### Task goal:
Copy out exactly the lines beginning with the one that contains "Adjustable Weight Bench" and ending at the last line of the listing, skipping any pictures.

── Dataset section

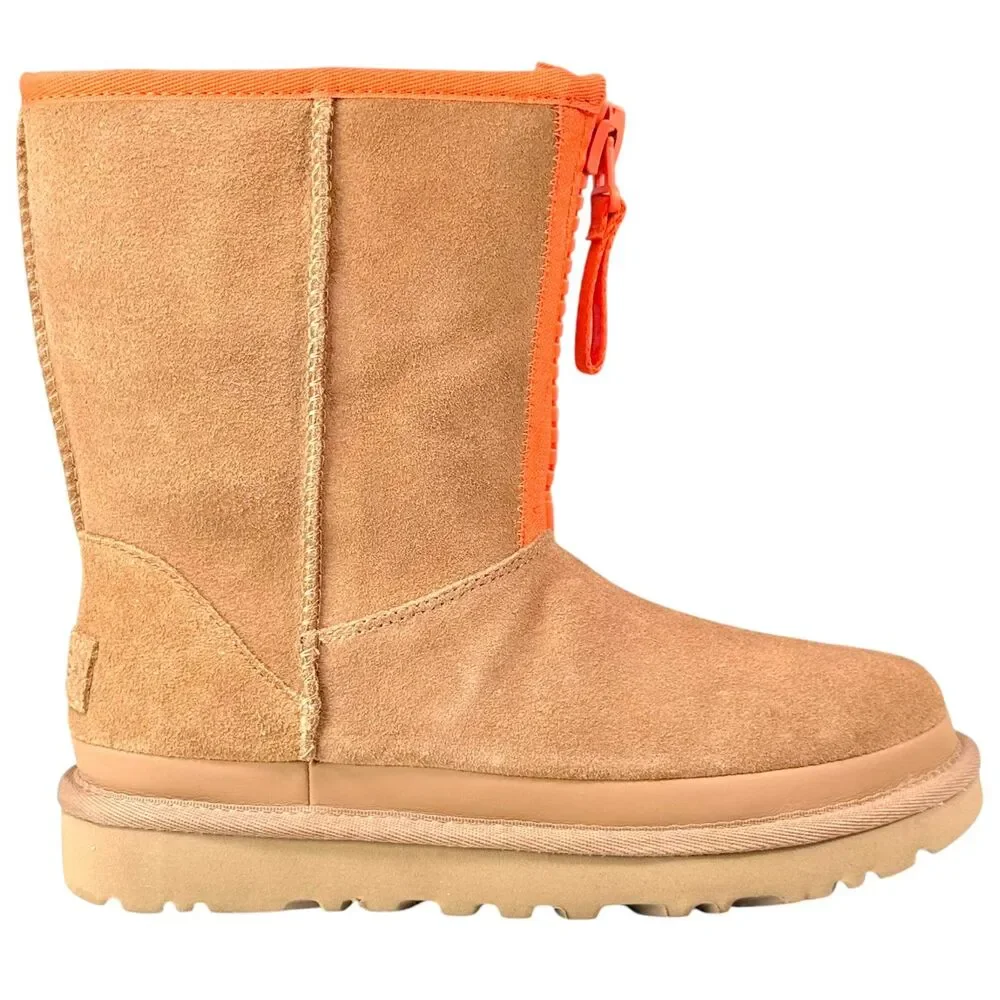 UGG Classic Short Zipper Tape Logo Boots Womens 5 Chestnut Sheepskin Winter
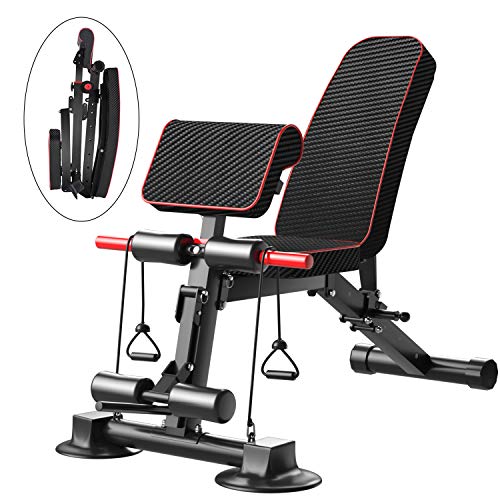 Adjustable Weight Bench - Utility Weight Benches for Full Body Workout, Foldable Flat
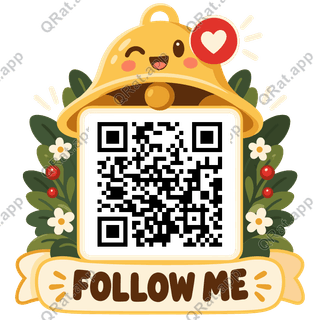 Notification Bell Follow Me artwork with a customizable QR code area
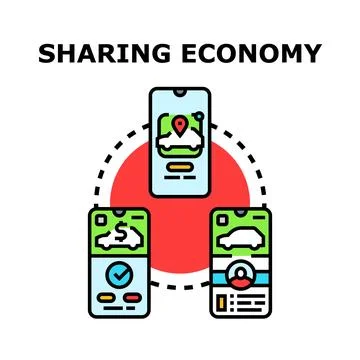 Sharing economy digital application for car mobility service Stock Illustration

────

### Finished exercise:
 Adjustable Weight Bench - Utility Weight Benches for Full Body Workout, Foldable Flat
 Notification Bell Follow Me artwork with a customizable QR code area
 Sharing economy digital application for car mobility service Stock Illustration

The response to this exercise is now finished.